Witty, self-effacing and unflinchingly honest, she found her voice writing her memoir in the present tense – with the mind and knowledge she had then, rather than a more mature or judgemental overview of the present. Like a vinyl album the book is split into two halves. ‘Side 1’ covering the punk days, and ‘Side 2,’ the post-Slits years.

Albertine left art school to join The Slits and talked a lot about the period of 1976/77 when she co-founded the band, Flowers of Romance, with Sid Vicious. Albertine revealed that The Slits waited for two years to make their first album, Cut, as they wanted it to be right, and that she thinks it still stands up today as authentic music of its time. However, she believes their second album, Return of the Giant Slits, is more accomplished.

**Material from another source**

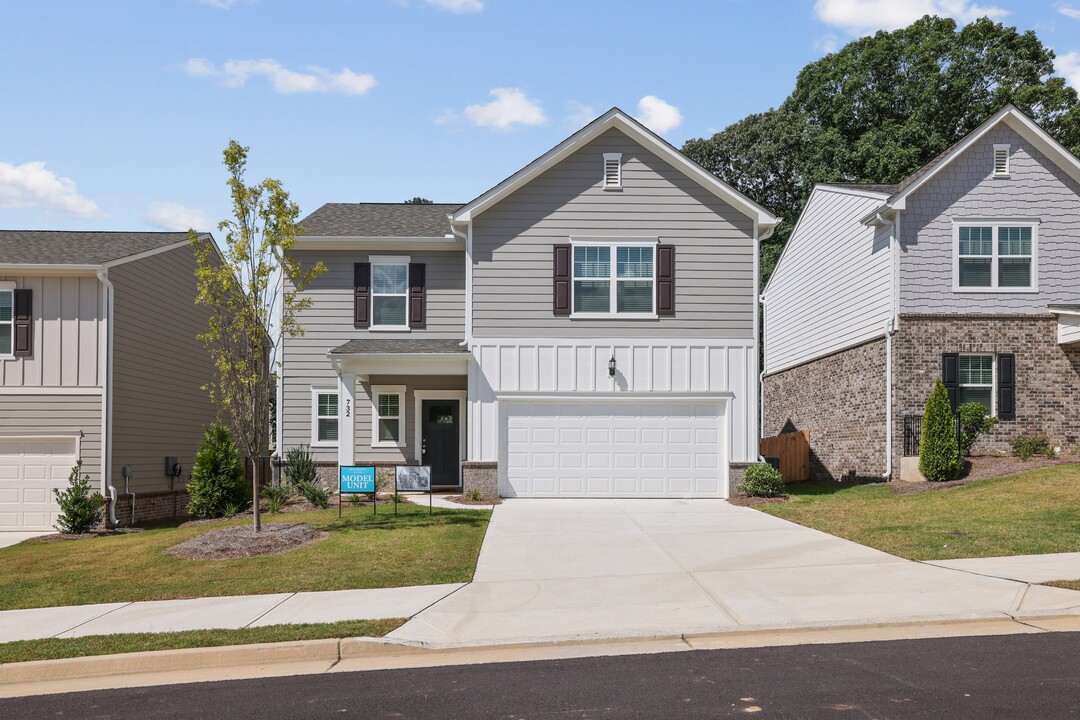 Mulberry Glen in Dacula, GA - Building Photo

She talked about how it was to be a punk girl in those times, wearing a combination of fetish gear and DM’s with dirty hair, and how that confused and angered men – challenging the sexual politics of the time – but that it was hard work, inviting confrontation (often violently) on a daily basis.

Albertine then discussed Seventies’ feminism and how the pill enabled women to have sex much more freely, but that it took another 10-15 years before women began to question whether they actually wanted to. She talked about how feminism filled women with fury at the way they were treated, and how this fuelled the energy behind The Slits.

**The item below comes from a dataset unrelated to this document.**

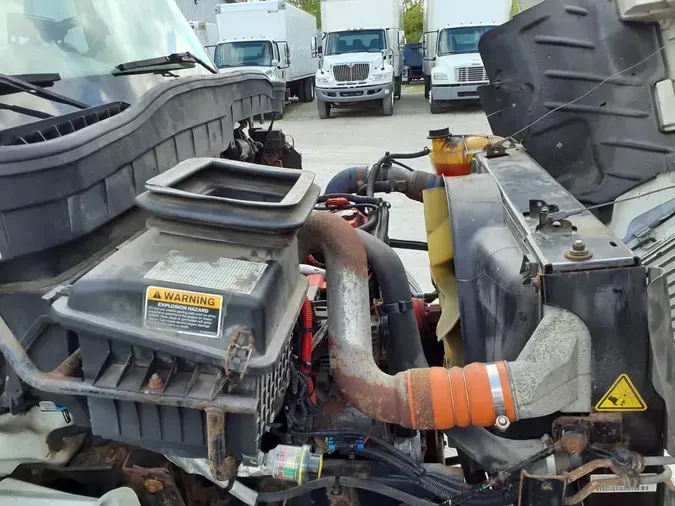 2019 NAVISTAR INTERNATIONAL 4300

She then discussed ‘Side 2’ of her book, focussing on her life post-Slits, talking about society and motherhood, and how she still adheres to the punk ethic, which was about using your vision and seeing where it led, rather than the goal-orientated society we now live in.

Following the Slits’ breakup, Albertine initially became an aerobics teacher when it was a new and empowering way for women to use their bodies, then subsequently had a successful career in TV and film.

She peppered the talk with readings from her book, often with hard-hitting and disturbing anecdotes from her life such as taking heroin with Johnny Thunders (New York Dolls), having messy sex, and disturbing fantasies and dreams. This frankness was both refreshing and awkward for the audience, and proved that Albertine still has more power as a creative force than many of today’s performers. The rage and fury are still very present, just under the surface of a middle-England mum.

The audience, perhaps unsurprising, were all of a certain age, who like Albertine herself, appeared to have settled into a comfortable middle-aged middle class, far from their angry youth. But that’s not to say that Albertine has become complacent, and her willingness to pursue her art has seen her burn down a marriage of 18 years in order for her to keep seeking her truth.

Albertine’s hope for the book is that is stands as a testament to survival, her own ‘blundering through life’ and hopefully as a role-model for 15-year-old girls who have to discover life’s hard knocks.